Pero ella está riendo mientras monta a ese conejito y no puedo creer que no se lastime. ¿Sabes que? Si puedo. No puedo creerlo. La mente de Cat funciona un poco diferente de la de los demás. Parece que nunca se aferra al concepto de peligro. Ni siquiera sabe que era casi...que casi se aprovechó de ella en la fiesta de Ryder.
Cat se baja del conejito unos diez minutos después. No porque ella se la quitara, sino porque se aburrió. Honestamente, me sorprende que haya tardado tanto. Ella realmente no tiene una capacidad de atención larga.

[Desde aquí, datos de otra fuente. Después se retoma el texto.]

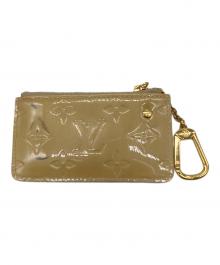 LOUIS VUITTON（ルイ ヴィトン）の古着「ヴェルニ ポシェットクレ」｜ベージュ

Ella corre hacia mí y toma mi mano. —Vamos Tori, prueba este juego. —ella chilla con entusiasmo mientras me arrastra hacia un área que tiene enormes bolas y personas que intentan abrirse paso a través de ellas sin ser golpeadas.
Grito cuando el chico que está tratando de pasar recibe un golpe en el hombro y aterriza cerca de mis pies. Pero no es solo el hombre que vuela y casi me derriba lo que me sobresaltó. Aterrizó en un charco de sangre...que todavía está húmedo.
¡Oh, Dios mío! Me voy a morir. Ni siquiera tengo que jugar ninguno de estos "juegos." Solo voy a morir por la tosquedad de este lugar.
Entonces escucho a Cat riendo.
Miro hacia arriba y santa mierda, ella se abre camino a través de esas bolas como una profesional. Tal vez no como una profesional. No parece haber una onza de concentración en su cara. Ella se está riendo y saltando y disfrutando a sí misma.
Y ella lo hace. Ella lo hace sin lastimarse en lo más mínimo.
—Vamos, Tori. —ella me llama. Sacudo mi cabeza lentamente, mis ojos todavía salen de mis cuencas. No hay manera de que vaya allí. Ni en un millón de años.
—Vamos, Tori. —insiste el gato. Llamándome un poco más. No hay manera.
Ninguna.
—Vamos, Tori. —alguien que no sea el gato dice. En ningún momento, parece que todos en el edificio están cantando mi nombre, incitándome a subir al escenario. Me atrevo.
Bien.
Subo por allí, con las piernas temblorosas. El chico que maneja este juego me dice las reglas. Se supone que debo atravesar estas enormes y pesadas bolas de metal de cuarenta libras, agarrar un maldito anillo, traerlo de vuelta y hacerlo dos veces más.
¿Seriamente?
—¿Estás lista? —
Asiento con la cabeza. Entonces agítalo. Entonces asiente con la cabeza. Se cansa de eso y me empuja hacia la viga. Las bolas comienzan a balancearse, y corro...justo en una. Lo siguiente que sé es que estoy sobre mi espalda...junto a un poco de sangre.
Cierro los ojos y siento mi hombro. Eso duele. Eso dolió mucho, pero no lo sé. No me dolió tanto como pensé. Seguramente no dolió tanto como la noche del viernes cuando Jade...
Aprieto mis ojos cerrados. No quiero pensar en eso.
Me levanto. Lo voy a hacer de nuevo. Voy a jugar La Pelotas del Dolor de nuevo. La carrera fue increíble. Olvidé todo sobre Jade. Estaba pensando en mí, solo pensando en no ser golpeado por una bola de metal.
Falle dos veces más.
Corro y le digo al tío que quiero otra oportunidad. Espero que intente detenerme, que me diga que mi hombro está magullado, que apenas puedo caminar en línea recta, que he tenido suficiente, pero él no. Me deja intentarlo de nuevo.
Mi corazón comienza a acelerarse cuando cuenta a partir de tres. Voy a conseguir esos estúpidos anillos. Y si no puedo conseguirlos, si me golpea una de las pelotas otra vez, eso está bien para mí también. De todas formas no siento mucho.